Sometimes people at the Post give me a response. After the article on the Dog and Bear pub, one of our librarians remembered seeing an ashtray thrown at a policeman in there. But the best stuff is always from outside the building.
Take the monkey on Fothergill’s bank, featured as the result of a reader’s suggestion. That brought an e-mail from Andrew Henderson of Clifton, explaining it was a mark of respect to the building foreman: “He was an eccentric and used to take his pet monkey to work every day.” (There was a photo of the topping-out ceremony, with foreman and monkey, but Mr Henderson no longer has it.)
Readers have also presented intriguing new mysteries.

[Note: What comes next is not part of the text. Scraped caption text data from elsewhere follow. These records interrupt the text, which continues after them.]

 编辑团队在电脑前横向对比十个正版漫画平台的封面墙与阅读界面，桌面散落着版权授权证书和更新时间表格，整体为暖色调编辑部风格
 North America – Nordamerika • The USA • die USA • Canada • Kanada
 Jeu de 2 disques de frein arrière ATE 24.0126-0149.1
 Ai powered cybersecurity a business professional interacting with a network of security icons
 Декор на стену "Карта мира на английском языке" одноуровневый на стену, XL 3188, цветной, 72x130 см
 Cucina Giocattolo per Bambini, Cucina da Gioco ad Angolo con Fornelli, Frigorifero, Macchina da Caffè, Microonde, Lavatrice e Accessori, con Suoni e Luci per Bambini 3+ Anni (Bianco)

Keith Buckeridge wrote to point out the collection of marble heads behind the Broadmarsh, at the base of Garner’s Hill, saying they were rescued from the old Milton’s Head hotel. But photos and newspaper clippings from there don’t seem to feature them. Can anyone shed light?

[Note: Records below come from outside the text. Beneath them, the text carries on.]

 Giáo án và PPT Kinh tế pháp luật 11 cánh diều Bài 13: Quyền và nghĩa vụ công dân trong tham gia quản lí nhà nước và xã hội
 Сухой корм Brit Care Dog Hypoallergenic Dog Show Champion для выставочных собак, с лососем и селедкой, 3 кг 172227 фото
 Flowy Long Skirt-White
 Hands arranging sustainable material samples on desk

(Another mystery, while I’m at it: the iron “Parish of Standard Hill” markers that start by the castle and extend out around the canal. They’re dated 1869, but that doesn’t seem to correspond to any parish reorganisation. Any ideas?)
Many of you wrote in after last week’s column on war memorials, and some of those letters will turn up in future columns. Two points seemed worth mentioning now, though. One was from Doreen Allison of Radcliffe-on-Trent, who pointed out an unusual feature of her church’s First World War memorial. It lists nine men who died from illness while on active service — an aspect of the war once often overlooked.
The other was from Dave Smith, whose grandfather Arthur Barson escaped German captivity in the Second World War and fled through France and Spain to Gibraltar. While he was doing this, one of the Nottingham papers (there were four then) ran a story on him, headlined “Cinderhill man missing”. We can’t find it, but if any of you have come across it…
Finally, a confession about the very first response this column received.
It was a nice man from Arnold pointing out that the fasces, the axe-and-bundle symbol found on the Shire Hall, also appeared on coins minted in the city. I was so pleased at hearing from a reader, and such a learned one, that I failed to note his name. I’m sorry. And if you call in again, I’ll make sure you receive due credit.